The As  lived up Moffitt Street, a little bit further away than the 'Vogeltown Boys' but on occasion would join us in after school games.
The two boys, Gary and Glenn were about the same age as us - in this story about 8  - but always seemed to have more and better toys, clothes, sports gear etc. than us. They were working class as well but their dad was a taxi driver so maybe, being a cash business he skimmed and didn't pay as much tax as the rest of our dads.

More likely though was that he was making money in the (gasp) underworld.
Old man A went to prison for 'helping to procure an abortion'. I don't know what the exact charge was but it was one of those that featured in The Truth the salacious weekly news rag of the day.

Mum used to tell dad off for buying this so he kept it in his truck where my brother and I would sneak a read.
Being a taxi driver meant that A senior would have made extra money from taking customers to illegal drinking establishments and brothels as well. This is how Gary and Glenn had all the goodies.

One day, as I said when we were about 8 we'd been playing cowboys and Indians and the As, as usual, had all the gear. They had cowboy hats, vests and 'chaps' with frills.
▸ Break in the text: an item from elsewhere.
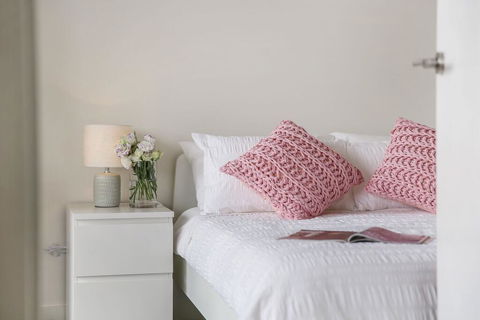 Cosy 3BR Penthouse Close To Westfield And Train - Redcliffe Tourism 0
They also had guns and holsters. These guns weren't the crappy plastic ones that the rest of us owned. These were made of metal. The only plastic was the white grip covering. The guns had heft - weight and size and had revolving chambers that could carry six caps that actually worked. The gun belts were made of leather and the holsters (each kid had two) actually held the guns properly.
They must have cost a fortune.

The next morning, before school, I was mooching around trying to delay going to school as long as I could when I saw one of these guns lying in the grass. I went and picked it up. It was wet with the morning dew and I remember thinking how bad it was for Gary or Glenn to not look after such a valuable item - I'd never do that - and then found the matching gun. I was about to take them up to the house so we could return them but then thought no, they didn't deserve them I hid them in the garage instead.

After school I sneaked them out and played with them on my own as I couldn't tell anyone about having them. The next day Mrs A came to our house asking if we'd seen the guns. I denied having seen them of course. Mrs A didn't seem satisfied but couldn't prove anything though. I think she thought that my poor mother was involved in the theft which is unfair of her - well, unfair of me really. I kept the guns but discovered that it wasn't much fun playing with them surreptitiously and eventually lost interest. I also felt guilty.

I can't remember what happened to these toys as I soon outgrew them. For a while I felt bad about keeping them but being a kid, that didn't last that long. I don't know if I confessed in the confessional. I usually only made stuff up to please the priest in those days


  1. Tell us about Rob in the Murray Roberts truck, you little thief.

  2. Actually, to be fair, a similar thing happened to me when I was that age. I found a cool gun at the Botanic Gardens. Some kids came looking for it and I pretended I hadn't seen it. I remember a lot of guilt.